Non seulement Luke aime se mettre en scène mais il excelle en auto-portrait, reprenant de fait des traditions de peintre. Mais les siens sont les deux pieds dans notre siècle !



Luke est aussi expert dans l’art du traitement du tissu par la photo. Il remet aussi au goût du jour un des dadas de Dali, l’anamorphose, ou la déformation d’images par optique (comme par exemple, un miroir déformant). C’était le thème de son expo de SMM 2019, avec les stars de nos vies, du cinéma, de la pop ou de la peinture : Amy Winehouse (ce qu’elle nous manque…), Madonna, Picasso, Dali, James Dean, David Bowie… et bien d’autres.
Sewlebrity, une sacrée expo ! Ces quilts nous font perdre nos repères : sont-ils apparentés à un tableau ou une sculpture ? Les personnalités sont, selon où l’on se place pour les regarder, à la limite du grotesque ou bien prodigieusement en mouvement, tels qu’on les connaît. Des croix et des flèches par terre nous aident pour voir le personnage normal, avec l’angle juste. Challenge parfaitement réussi, bravo Luke !
Les fonds de quilts, comme les dos, sont faits de récupération de vêtements, draps, nappes etc. Luke m’a montré des dos de quilts, piécés avec des tissus du même style que ceux sur le devant, qui font des versos aussi beaux que les rectos. Quant au quilting, il est fait à la machine, bien dense, horizontal pour le fond et vertical pour le personnage, ce qui rend la silhouette visible au dos. Luke pense à tout !
Pour Véro ma sœur qui adore Beau oui comme Bowie* encore plus que moi :
(*Gainsbourg chanté par Isabelle Adjani)



Un autre exemple d’anamorphose avec Madonna :
Pour tous ceux qui n’ont pas eu la chance d’y aller, une vue de la moitié de l’expo où on voit des personnages déformés, d’autres parfaitement normaux car je suis bien placée pour eux :
Luke m’a laissé choisir devant quel artiste poser : Dali, à l’origine de tout bien sûr !
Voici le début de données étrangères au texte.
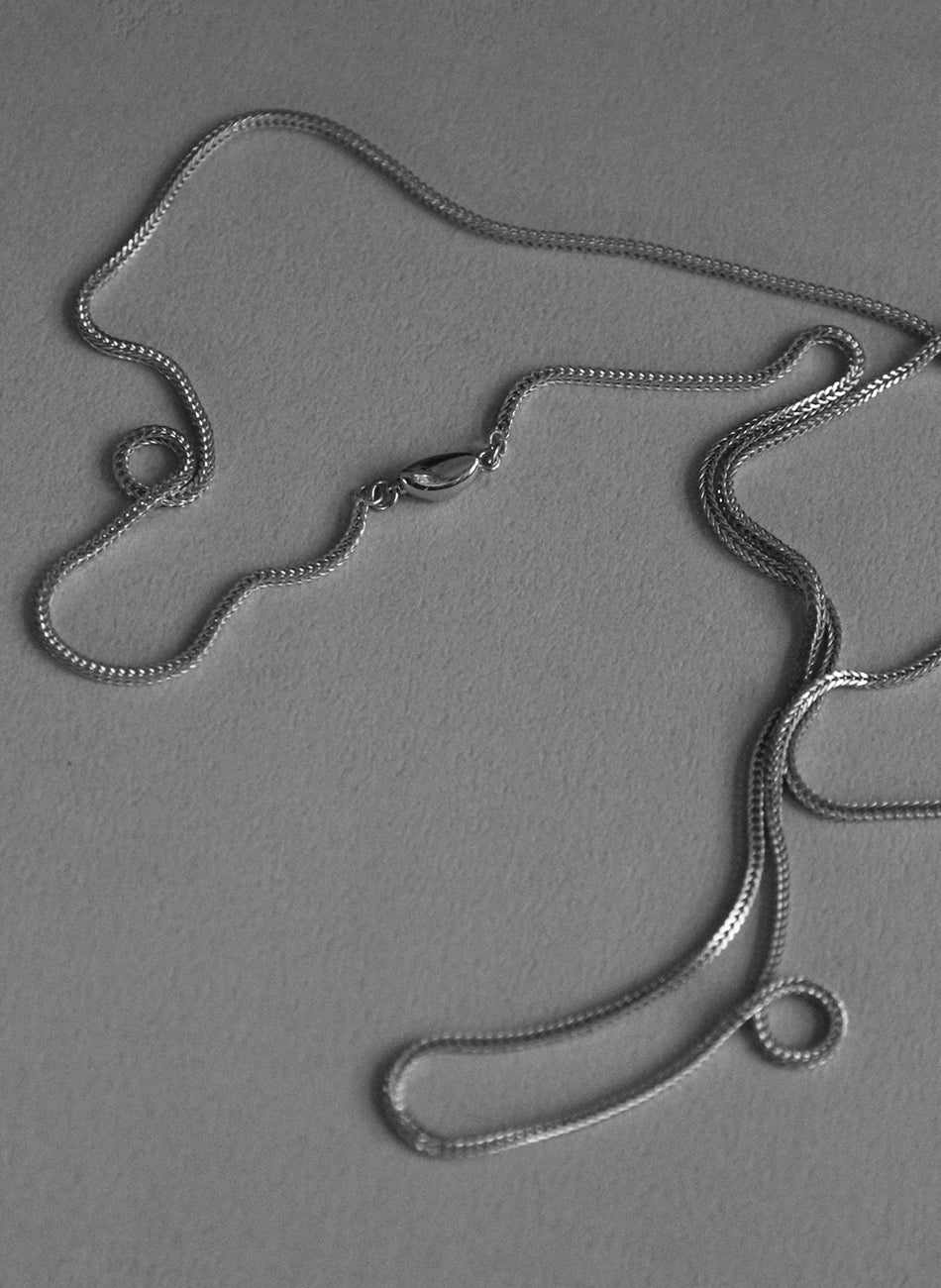 Snake Scale Chain Necklace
Je vous parlais en début d’article de son voyage en Europe ; Luke et sa femme se trouvent à présent en Angleterre. Et partout, un quilt les suit, comme un doudou, et pas n’importe lequel : des anneaux de mariage… à la sauce Luke ! J’ai entendu beaucoup de commentaires sur ce quilt, qui surprend par son fouillis et son charme, sa touche tradi et révolutionnaire à la fois… Décidément Luke est un artiste complexe qui déroute un certain public, tout en enchantant une autre partie. Personne, en tout cas, ne reste indifférent et on sait que la nouveauté est rarement acceptée d’emblée… Pensez aux Impressionnistes, rejetés en leur temps par les officiels…
Voici son quilt de voyage dans une chambre quelque part en Europe :
En Angleterre dans un manoir :
Et le voici tel que je l’ai vu à SMM, sur sa table, sous l’œil d’Amy :


J’espère que cet aperçu vous aura séduit ; l’art textile comporte mille et un visages, surtout avec un artiste aussi prolifique et singulier. Luke compte dans le monde artistique et j’espère que son charisme, son succès retentiront encore longtemps et fort, pour que le textile soit autant reconnu que les autres matières premières dans le monde de l’art.